La plus haute juridiction administrative française désavoue la décision de Gérald Darmanin. Saisi au sujet de l’interdiction de toutes les manifestations propalestiniennes décrétée par le ministre de l’Intérieur, le Conseil d’Etat a tranché ce mercredi 18 octobre : il revient aux préfets «d’apprécier» au cas par cas si elles doivent être interdites, ou pas.

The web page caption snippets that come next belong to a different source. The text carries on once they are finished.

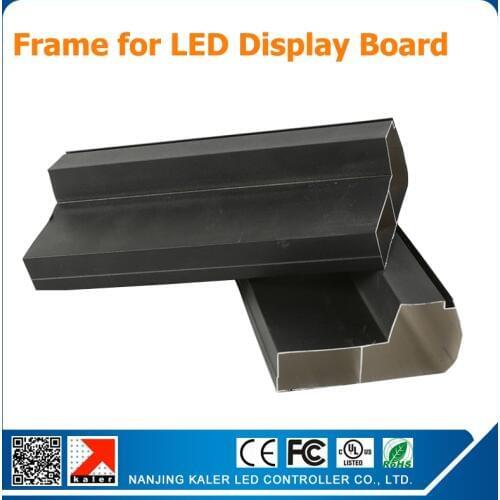 1m/ pcs 6pcs/lot 4590 aluminum frame for led display board accessories led display diy kits led aluminum profile frame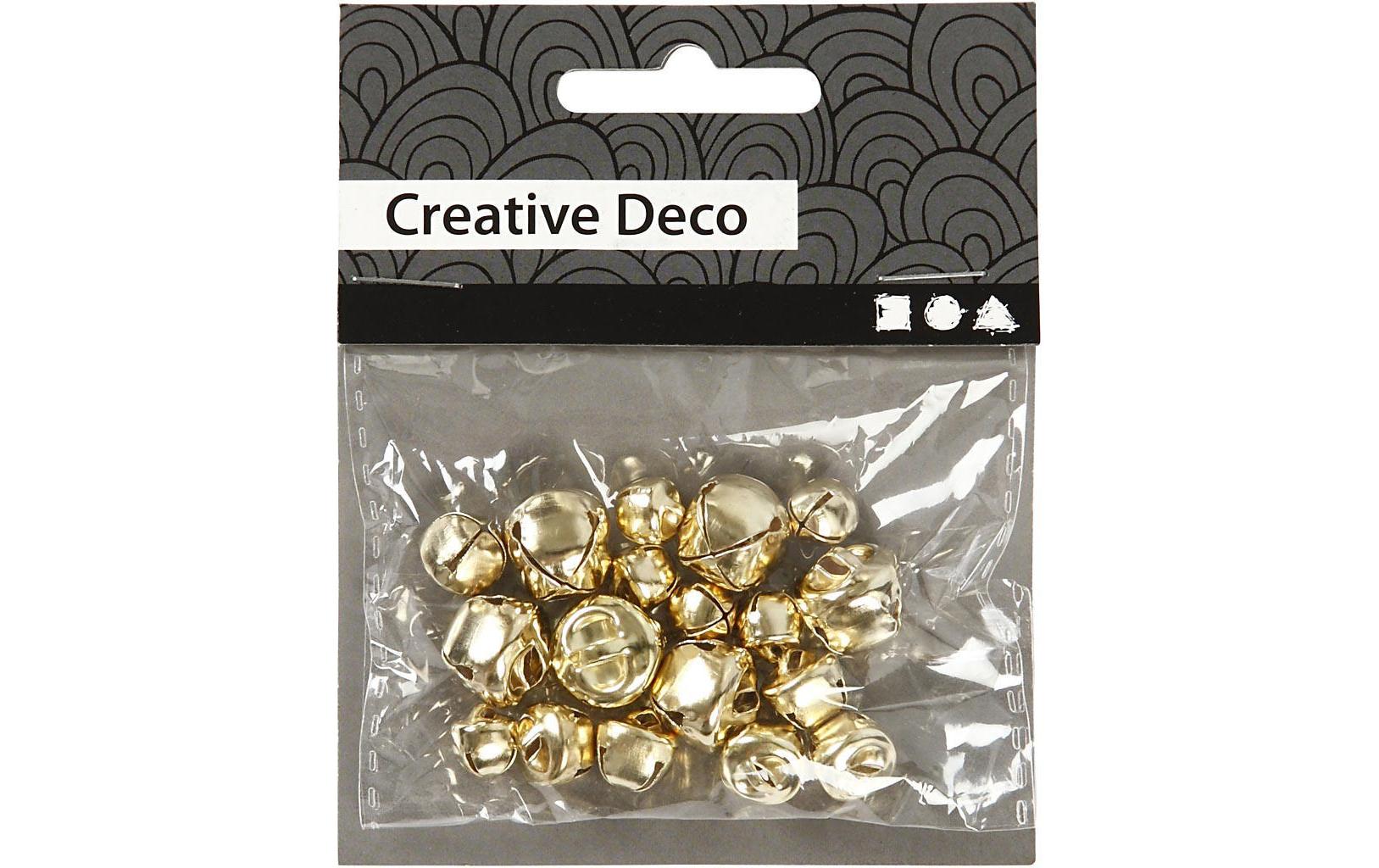 Creativ Company Glöckchen 8-13 mm 18 Stück Creativ Company Glöckchen 8-13 mm 18 Stück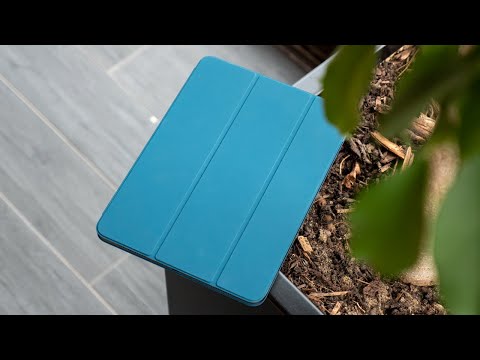 iPad Air 5 Smart Folio Review: why you need one! (Millard Green)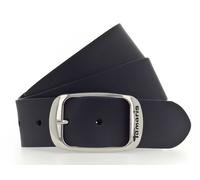 Tamaris Leather Belt W100 Night Blue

Evoquant «la rédaction approximative» des consignes passées par Gérald Darmanin, le Conseil d’Etat affirme «qu’il appartient aux seuls préfets», «au cas par cas et sous le contrôle du juge administratif», «d’apprécier s’il y a lieu d’interdire une manifestation en fonction des risques de troubles à l’ordre public. Aucune interdiction ne peut être fondée uniquement sur [les consignes du ministre de l’Intérieur] ou sur le seul fait que la manifestation vise à soutenir la population palestinienne», juge-t-il, d’après un communiqué
En raison de la guerre entre le Hamas et Israël, le ministre de l’Intérieur avait ordonné jeudi à tous les préfets d’interdire l’ensemble des «manifestations propalestiniennes», affirmant «qu’elles sont susceptibles de générer des troubles à l’ordre public». Et d’ajouter que «l’organisation de ces manifestations interdites [devait] donner lieu à des interpellations».
Billet
C’est l’association Comité Action Palestine qui avait sollicité samedi le Conseil d'Etat en déposant un recours pour demander la suspension de la décision du ministre de l’Intérieur. «Une interdiction générale et absolue méconnaît totalement plusieurs libertés publiques, dont le droit de manifester, a défendu Me Vincent Brengarth, un des deux avocats de l’association. Elle s’inscrit dans un contexte de politisation de l’ordre public, là où l’Etat devrait garantir toutes les expressions de solidarité.»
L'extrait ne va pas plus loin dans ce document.